Records for the task Start Marker

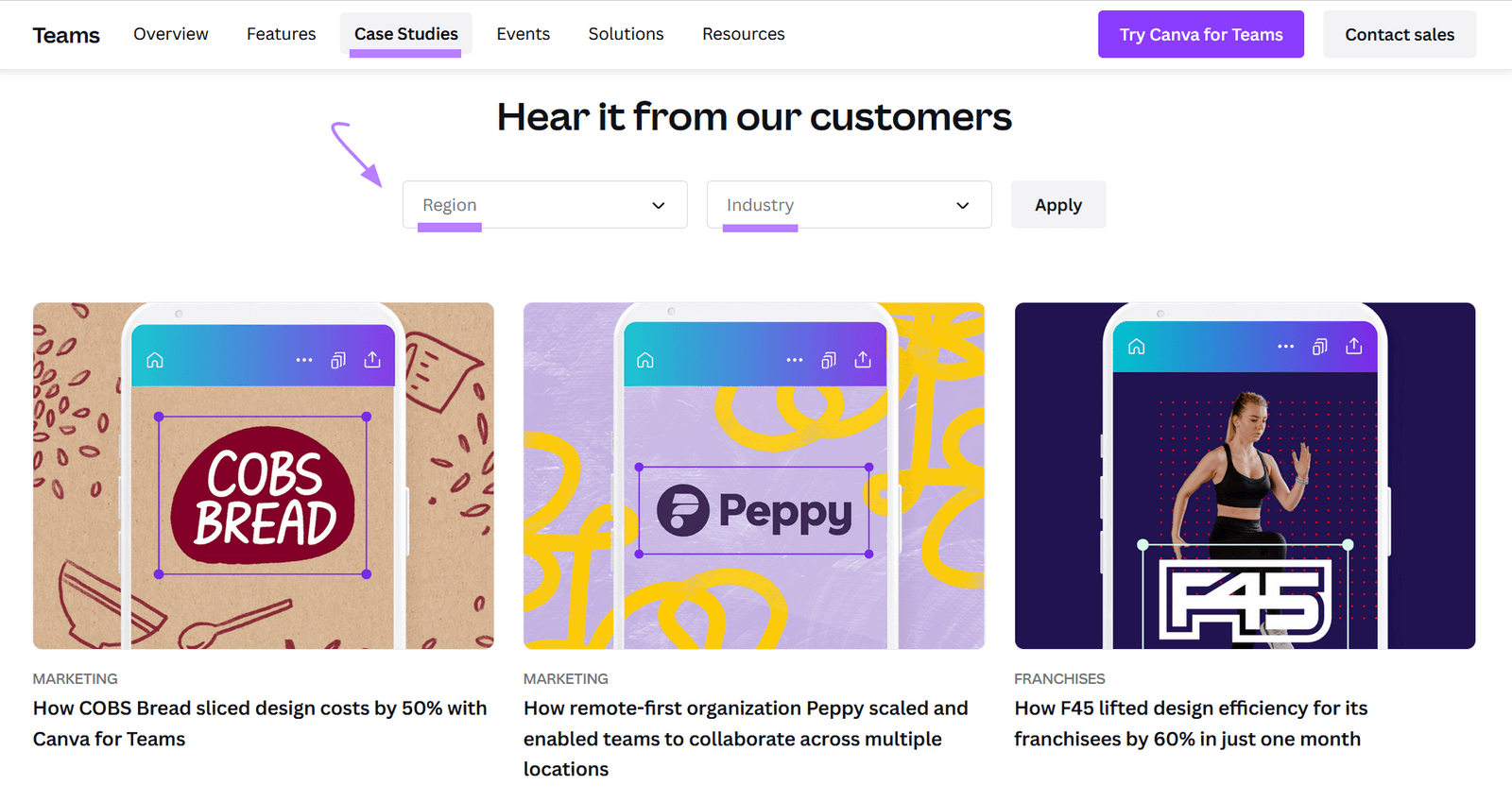 Canva's case studies page with filters by region and industry to target B2B customers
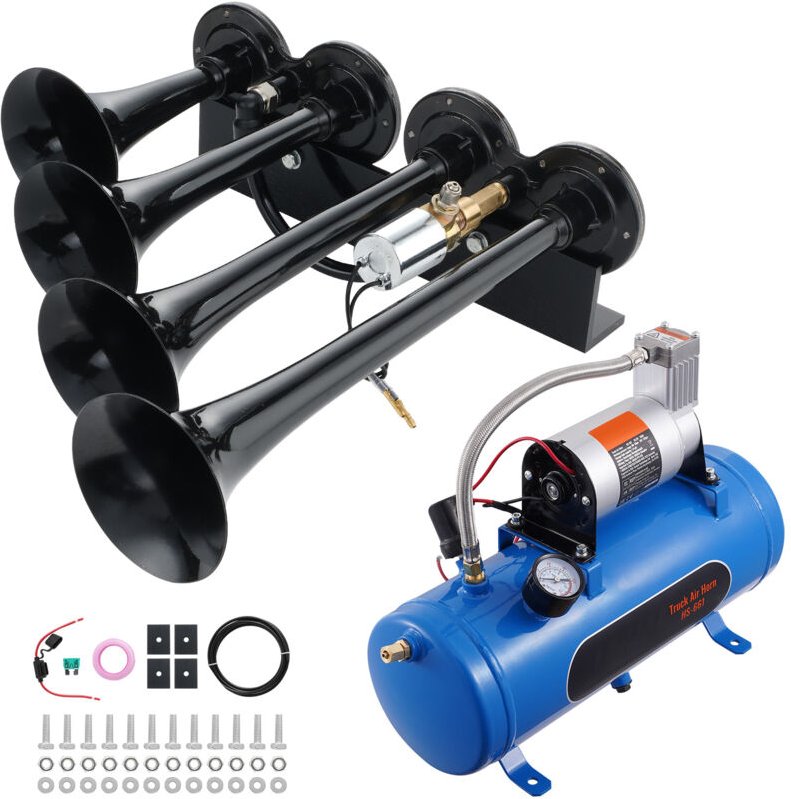Mophorn - 4-Trompeten-Zughupen-Set, 150 dB Drucklufthupen mit 12 v 120 psi Kompressor, 1,6 Gallonen Tank und Messgerät f...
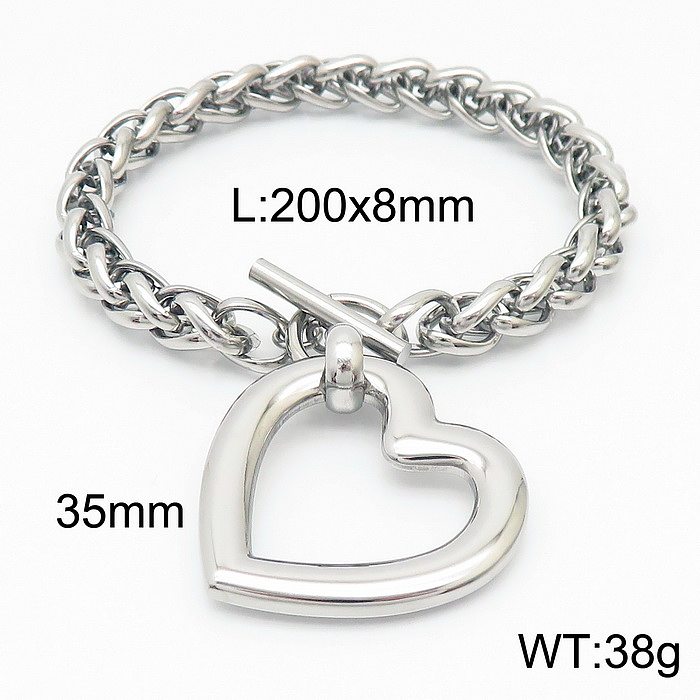 Casual Simple Style Heart Shape Smiley Face Stainless Steel Plating 18K Gold Plated Bracelets Necklace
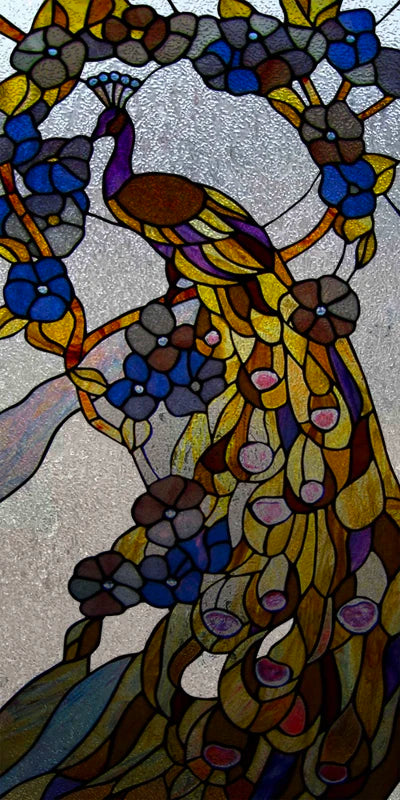 Custom Size 3D Matte Window Film, Stained Glass, Decorative UV Window Sticker, Privacy Frosted Static Cling, Home Decal,Peacock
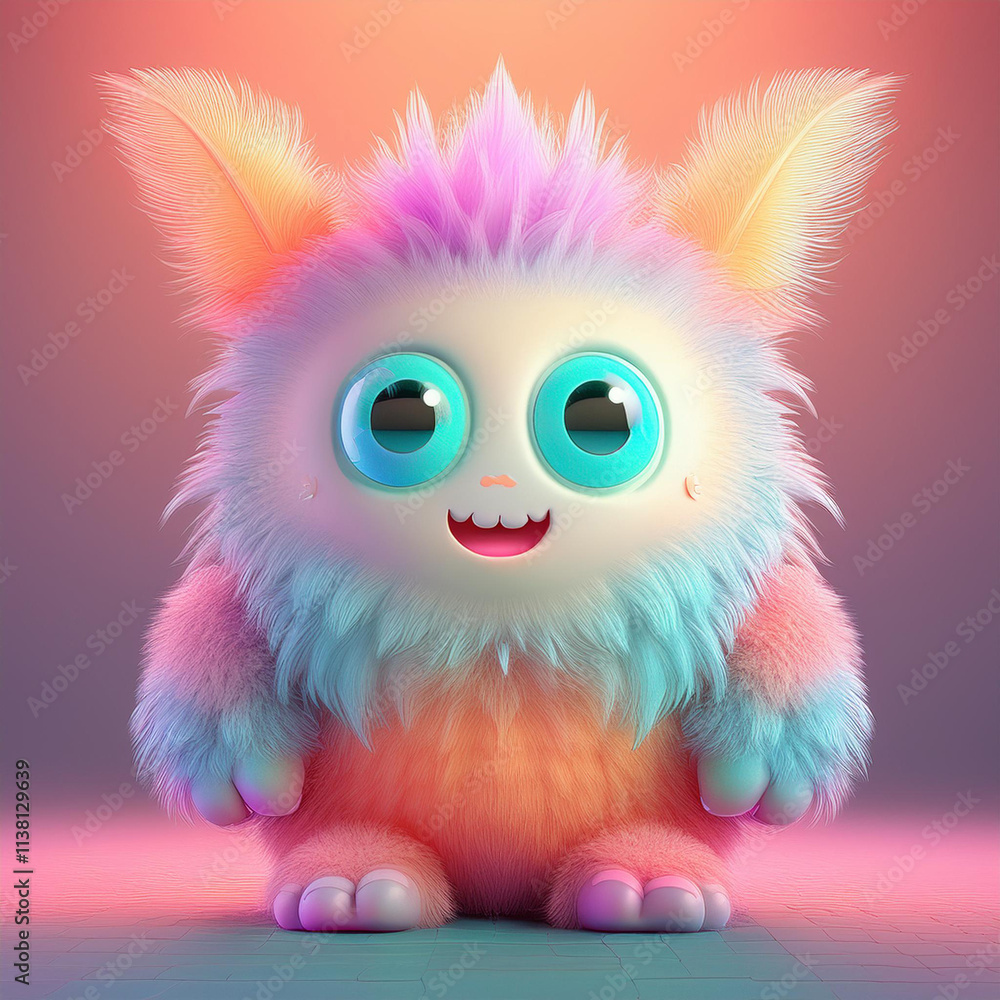 Obraz premium Cute fluffy monster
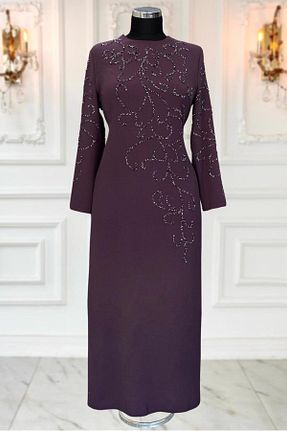 لباس مجلسی حجاب بنفش زنانه یقه دوچرخه TRENDTESETTÜR - کد 855675417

Records for the task End Marker

Assignment ▸
Nothing but the lines from the one containing "Casual Simple Style" to the last line of the records should be returned, exactly as they appear and without pictures.

Solution to this exercise ▸
 Casual Simple Style Heart Shape Smiley Face Stainless Steel Plating 18K Gold Plated Bracelets Necklace
 Custom Size 3D Matte Window Film, Stained Glass, Decorative UV Window Sticker, Privacy Frosted Static Cling, Home Decal,Peacock
 Obraz premium Cute fluffy monster
 لباس مجلسی حجاب بنفش زنانه یقه دوچرخه TRENDTESETTÜR - کد 855675417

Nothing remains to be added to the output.